Immune Imprinting and COVID-19 Vaccines: Unpacking the Persistent Response to Original Variants

In a recent study by the University of Washington, researchers explored the phenomenon of immune imprinting among individuals who have received multiple doses of COVID-19 mRNA vaccines. The findings reveal a strong imprinting effect, where vaccinated individuals continue to produce antibodies primarily targeting the original COVID-19 variant, even when exposed to new variants or boosters designed for these newer strains.

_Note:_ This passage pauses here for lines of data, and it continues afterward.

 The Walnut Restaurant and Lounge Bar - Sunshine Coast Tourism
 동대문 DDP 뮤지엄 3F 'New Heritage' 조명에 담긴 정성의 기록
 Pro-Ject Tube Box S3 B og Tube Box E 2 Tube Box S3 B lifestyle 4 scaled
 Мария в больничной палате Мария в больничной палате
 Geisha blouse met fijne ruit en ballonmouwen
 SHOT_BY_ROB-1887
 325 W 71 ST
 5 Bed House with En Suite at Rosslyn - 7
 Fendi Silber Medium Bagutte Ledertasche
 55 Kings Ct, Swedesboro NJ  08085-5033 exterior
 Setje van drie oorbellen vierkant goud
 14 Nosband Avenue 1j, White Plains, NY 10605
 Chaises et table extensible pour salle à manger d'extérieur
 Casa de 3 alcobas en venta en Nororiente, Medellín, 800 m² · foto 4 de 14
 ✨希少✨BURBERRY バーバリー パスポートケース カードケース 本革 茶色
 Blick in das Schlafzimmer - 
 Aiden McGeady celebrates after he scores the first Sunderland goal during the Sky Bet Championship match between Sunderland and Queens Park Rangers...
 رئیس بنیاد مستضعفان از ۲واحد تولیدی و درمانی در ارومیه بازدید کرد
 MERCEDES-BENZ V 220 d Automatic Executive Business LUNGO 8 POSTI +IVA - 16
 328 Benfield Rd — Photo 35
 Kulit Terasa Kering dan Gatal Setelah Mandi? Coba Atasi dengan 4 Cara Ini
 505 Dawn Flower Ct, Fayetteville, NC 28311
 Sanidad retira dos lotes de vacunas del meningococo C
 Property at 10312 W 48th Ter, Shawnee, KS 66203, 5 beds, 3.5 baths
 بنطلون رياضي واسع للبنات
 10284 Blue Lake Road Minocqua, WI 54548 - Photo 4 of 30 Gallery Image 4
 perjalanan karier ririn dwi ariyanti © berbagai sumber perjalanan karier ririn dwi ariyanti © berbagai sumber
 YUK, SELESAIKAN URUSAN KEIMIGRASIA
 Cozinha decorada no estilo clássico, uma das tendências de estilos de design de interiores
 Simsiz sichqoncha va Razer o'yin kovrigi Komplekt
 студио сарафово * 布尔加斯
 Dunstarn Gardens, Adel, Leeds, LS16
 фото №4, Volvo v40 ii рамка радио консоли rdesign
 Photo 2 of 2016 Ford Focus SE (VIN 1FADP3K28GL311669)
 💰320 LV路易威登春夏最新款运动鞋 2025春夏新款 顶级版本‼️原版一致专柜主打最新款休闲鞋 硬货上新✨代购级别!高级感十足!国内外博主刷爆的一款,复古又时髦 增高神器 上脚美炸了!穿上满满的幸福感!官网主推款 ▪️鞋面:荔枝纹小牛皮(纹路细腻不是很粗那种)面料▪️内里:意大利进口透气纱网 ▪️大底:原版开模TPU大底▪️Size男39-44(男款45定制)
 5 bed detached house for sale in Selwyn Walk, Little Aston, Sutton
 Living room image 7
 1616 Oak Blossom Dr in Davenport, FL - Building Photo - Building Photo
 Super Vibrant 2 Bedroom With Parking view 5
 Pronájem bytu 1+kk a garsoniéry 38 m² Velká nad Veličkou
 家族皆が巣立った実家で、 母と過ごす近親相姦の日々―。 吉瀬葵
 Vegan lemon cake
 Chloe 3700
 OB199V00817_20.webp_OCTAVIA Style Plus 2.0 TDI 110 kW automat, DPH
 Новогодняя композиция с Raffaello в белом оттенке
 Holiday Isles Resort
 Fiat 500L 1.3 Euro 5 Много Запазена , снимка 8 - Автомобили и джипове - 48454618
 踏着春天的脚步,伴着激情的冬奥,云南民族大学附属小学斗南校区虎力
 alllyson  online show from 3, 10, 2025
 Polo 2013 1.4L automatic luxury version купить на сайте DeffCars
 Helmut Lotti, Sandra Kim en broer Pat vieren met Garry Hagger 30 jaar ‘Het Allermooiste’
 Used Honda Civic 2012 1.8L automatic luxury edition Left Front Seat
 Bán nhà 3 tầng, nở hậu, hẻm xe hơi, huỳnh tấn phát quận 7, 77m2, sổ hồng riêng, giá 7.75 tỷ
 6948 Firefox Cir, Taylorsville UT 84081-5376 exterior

This research underscores the complexity of immune responses and raises important considerations for future vaccine strategies.

Key Points:

  • Immune imprinting is observed in individuals with multiple doses of the original COVID-19 mRNA vaccines, showing a predominant immune memory to the original virus.
  • Recipients of the COVID-19 XBB.1.5 mRNA booster exhibited limited production of antibodies specific to the XBB.1.5 variant, largely producing antibodies against the original variant.
  • The study involved more than 20 participants, most of whom had received three or more doses of the original mRNA vaccines and had previous COVID-19 infections.
  • Antibodies generated post-XBB.1.5 booster were most effective against the original Wuhan variant, followed by the BA.2.86 omicron variant, and least effective against XBB.1.5.
  • Some individuals developed new immune cells that recognized only XBB.1.5, indicating a potential for the immune system to adapt to new variants.
  • Two hypotheses were proposed to explain the strong immune imprinting: high exposure to the original virus through vaccinations and infections in Seattle, and the possibility that mRNA vaccines induce a more robust imprinting effect than other vaccines.

“Immune imprinting persists after multiple exposures to Omicron spikes through vaccination and infection, including post XBB.1.5 booster vaccination, which will need to be considered to guide future vaccination.”